Don’t Make Me Get Interested


Providing something productive to focus on can help side-step unwanted attention.

A podcaster I like was mini-ranting about some sociopolitical issue of the day. As such talking heads often do, he was speaking as if to someone of the opposite opinion—politician, bigmouth celebrity, whatever. In the process, he shared an interesting quip that, months later, inspired today’s column: “Don’t make me get interested.”

He went on to explain that it’s an implied threat and invited his audience to use it when appropriate. He’s a capable, smart guy, with more than a few resources, including money and connections. If something gets his attention enough to make him want to take action, he has more than a decent chance of making things happen.

He’s got plenty already going on in his life, so not just anything is going to rise to that level. Most stuff is going to fly below his radar…or briefly provoke thought or emotional reaction. But, if something interests/angers/enthuses him sufficiently to take it on as a personal project, he’ll be committed enough to make an impact. Hence, the threatening aspect: Don’t make him get interested in something you’d rather he not pursue, such as the opposite side of a political campaign…because he might just make your guy lose.

There are any number of ways you might thusly provoke someone. Jeopardizing their interests with your actions or statements…or inactions, pertinent things left unsaid…is a common one. Most rads (and, indeed, other professionals across the board) have experienced this in their career paths — if one gets the idea that their future in a current job is not as promising as it might be elsewhere, sooner or later they’ll get interested in the possibility of other jobs.

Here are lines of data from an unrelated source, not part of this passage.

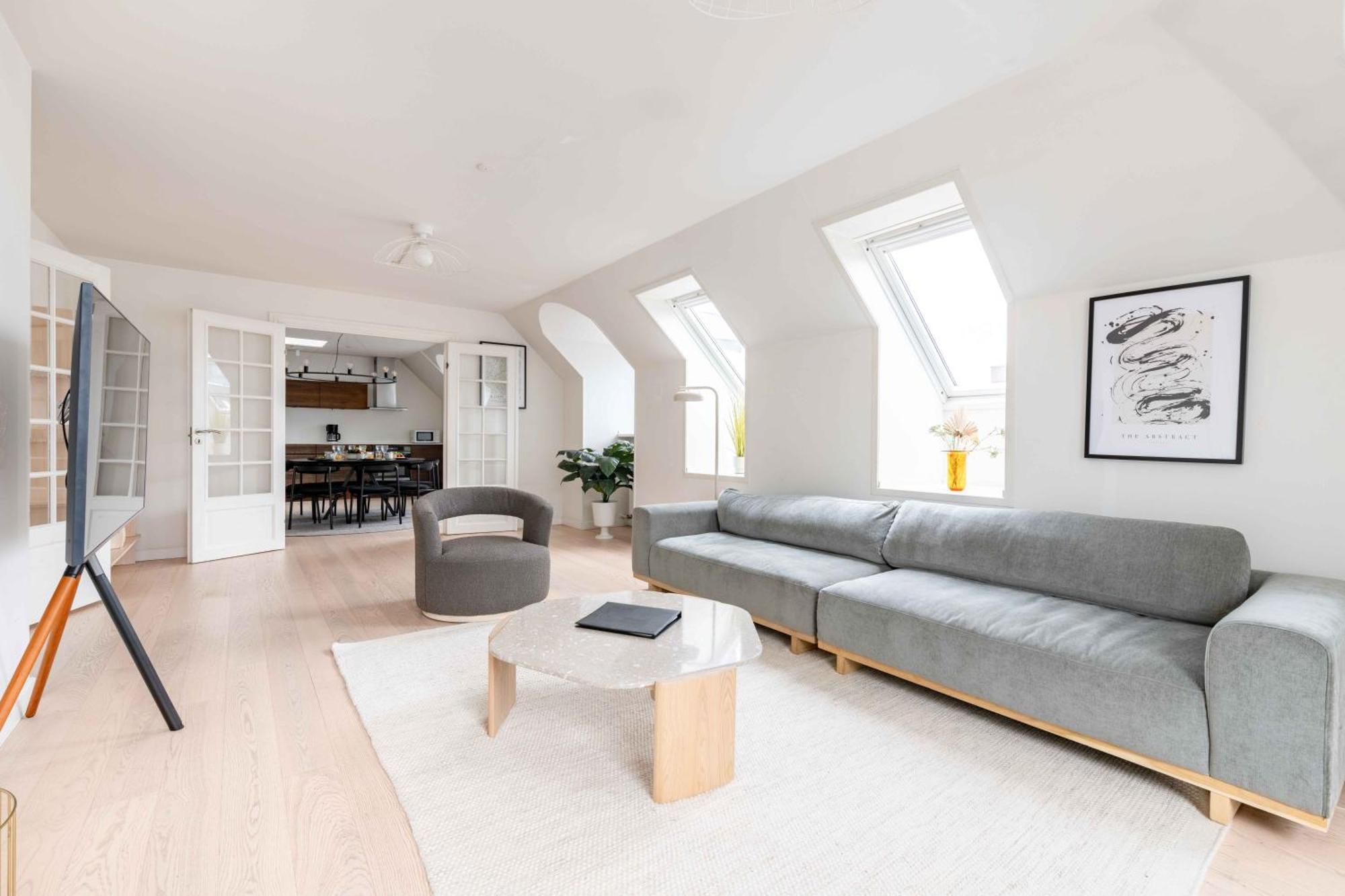 Xl Exclusive Penthouse By Copenhagen City & Tivoli 외부 사진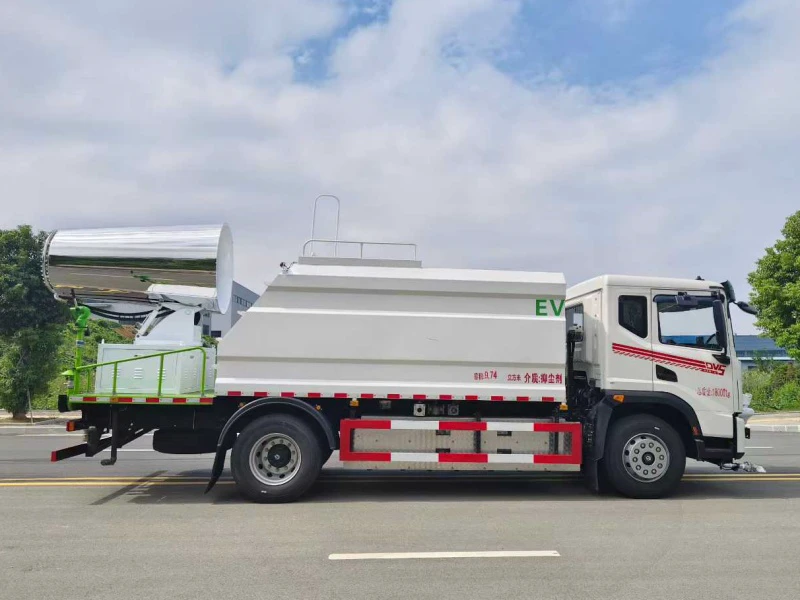DFAC 4x2 Electric Dust Control Truck
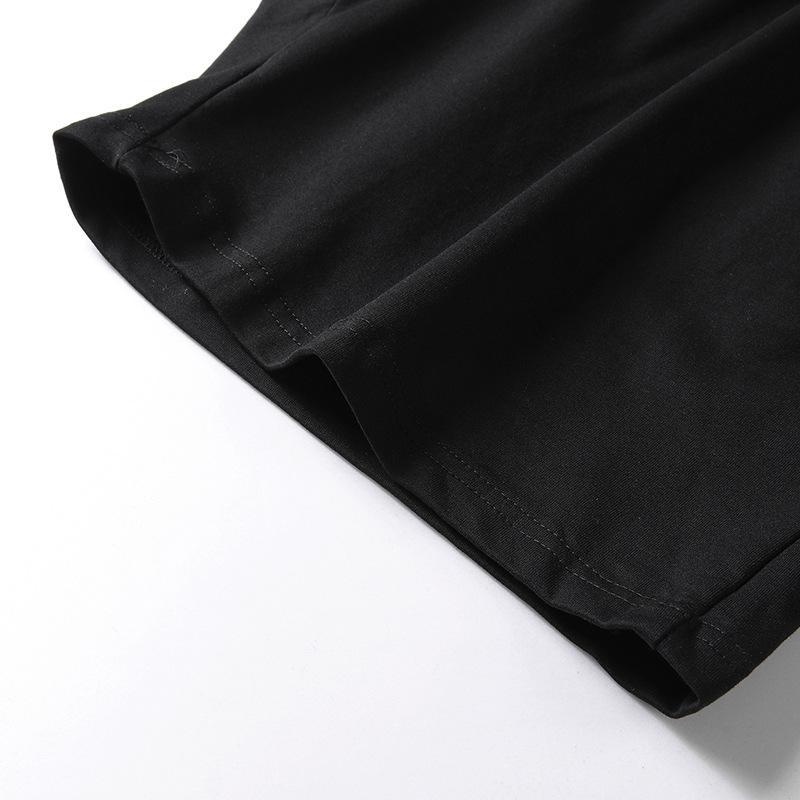 夏季新款五分裤宽松大码运动休闲短裤男士中腰现货透气潮流沙滩裤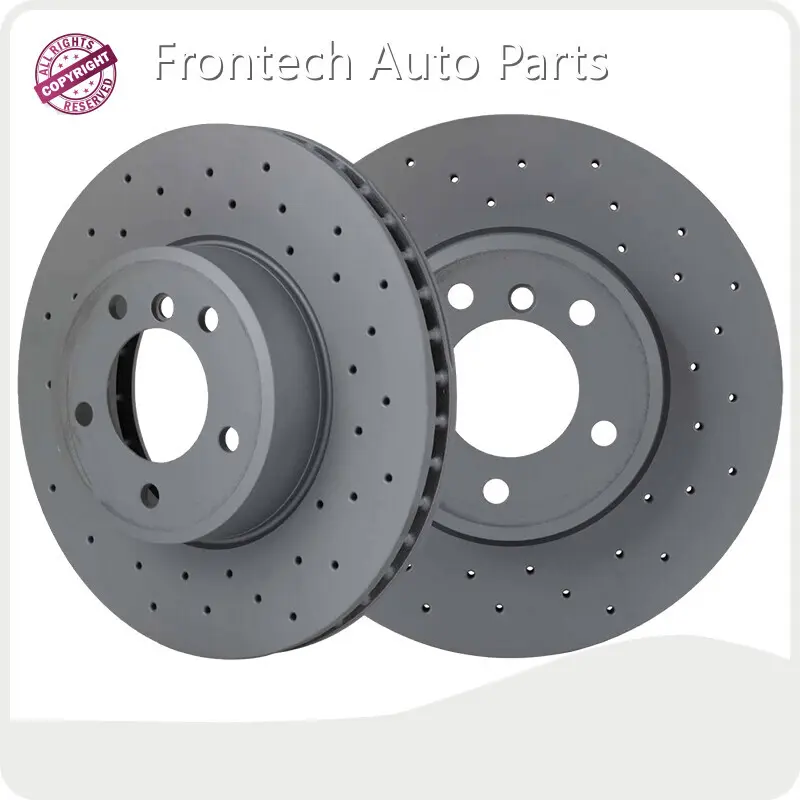 Frontech Brand Best Brake Disc Manufacturers Supplier 1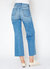 Queen Wide Leg Crop Jeans In Lawrence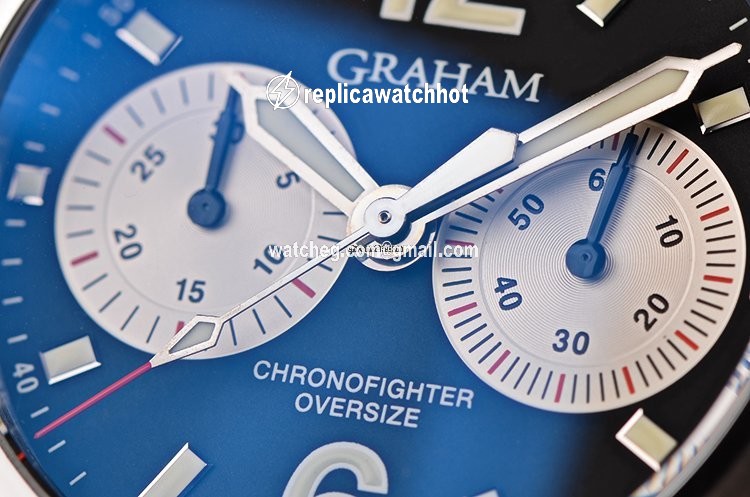 Graham Chronofighter Oversize Mens watch Unisex Automatic Steel 2OVAS.B01A.K10B 3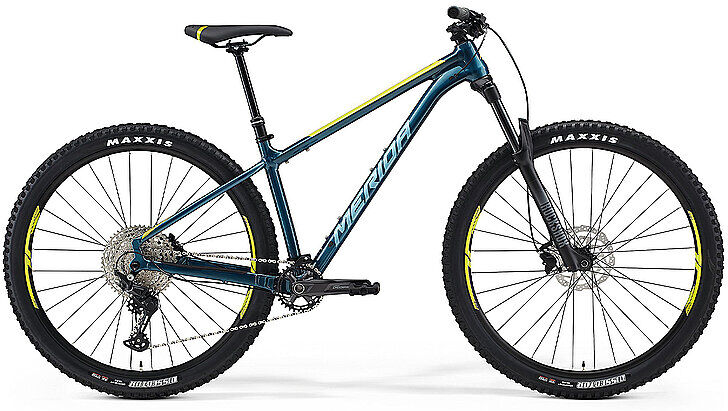 MERIDA Mountainbike 29" BIG.TRAIL 500 2022 blau   Größe: XL   81019218 Auf Lager Unisex XL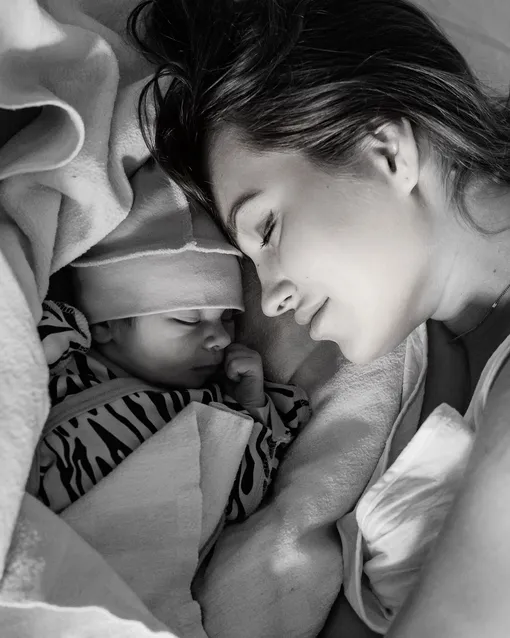 Виктория призналась в любви к сыну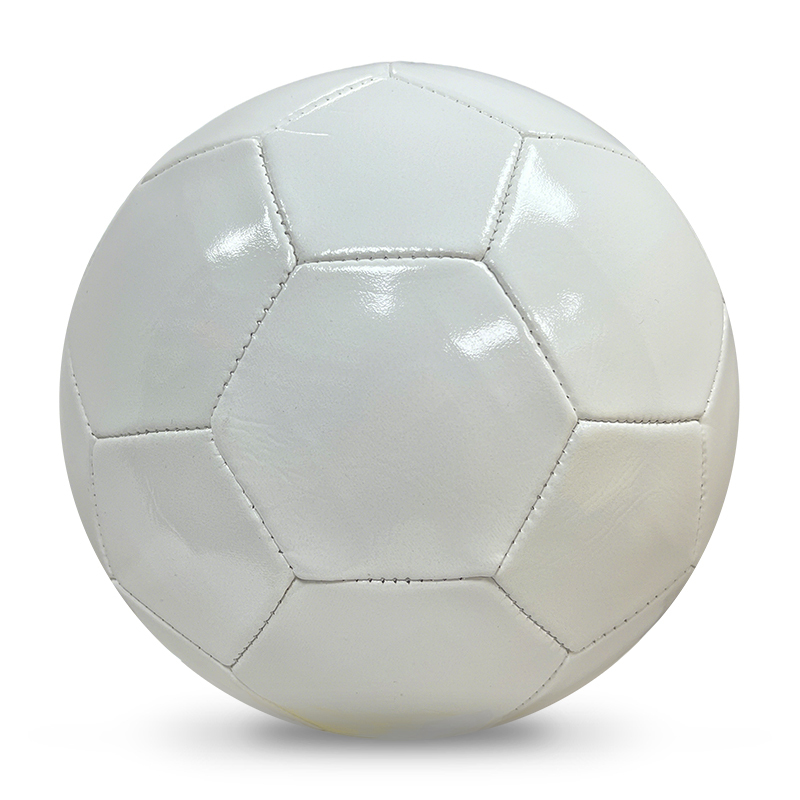 High Quality Size 5 Soccer Ball Machine-Sewn PVC with Print Logo for Sports Training Leisure Competitive Matches,Blue Arc Sports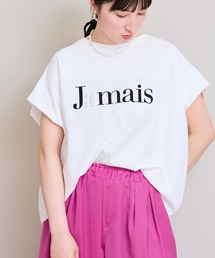 パール+ロゴボックスTシャツ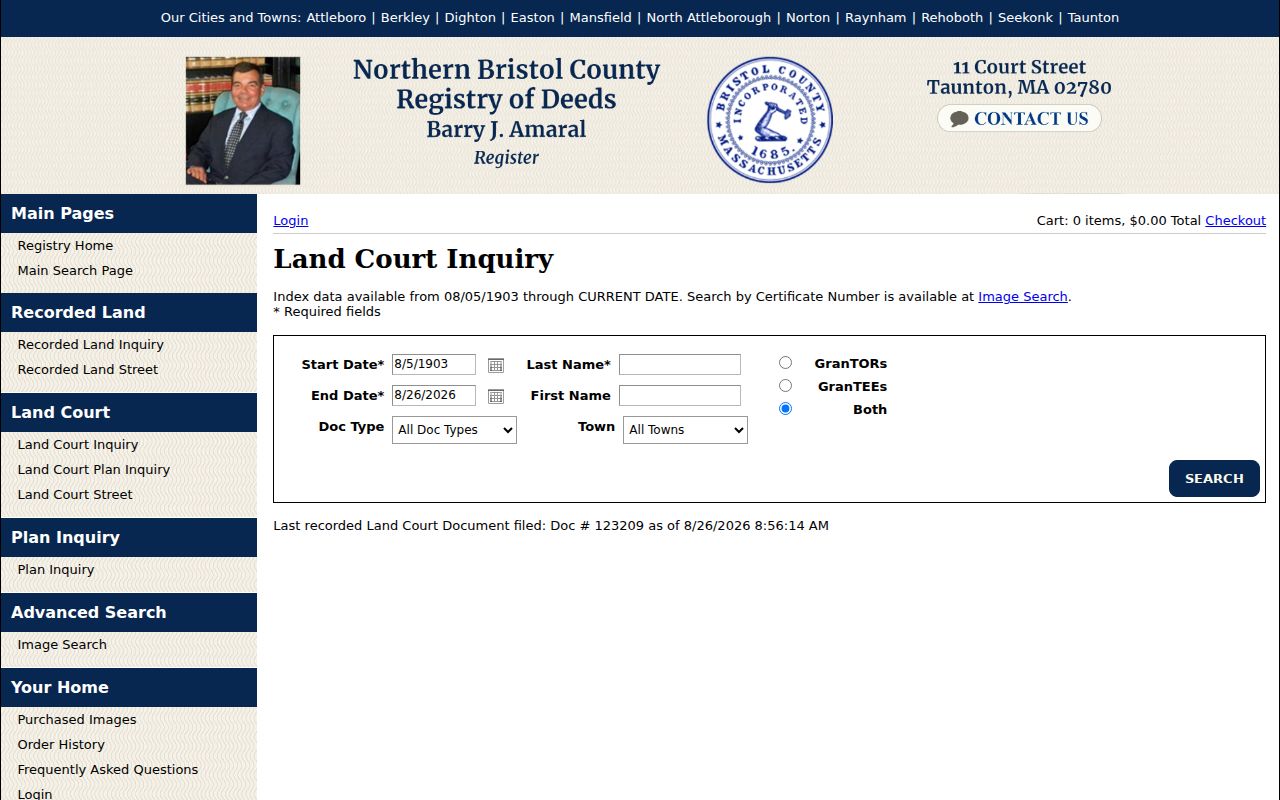 Taunton previous-residents Northern Bristol Land Court Inquiry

That can happen if they’re paid less than they think they’re worth, given undesirable hours, or have no hope of upward mobility within their group’s ranks. Also if they come to feel that promises aren’t being kept or things are otherwise not moving in hoped-for directions. A sense of being insufficiently appreciated and/or respected as a professional. None of these dissatisfactions have to be reasonable or realistic to anybody other than the individual, mind — all that matters is that they’re sufficiently motivating to the individual.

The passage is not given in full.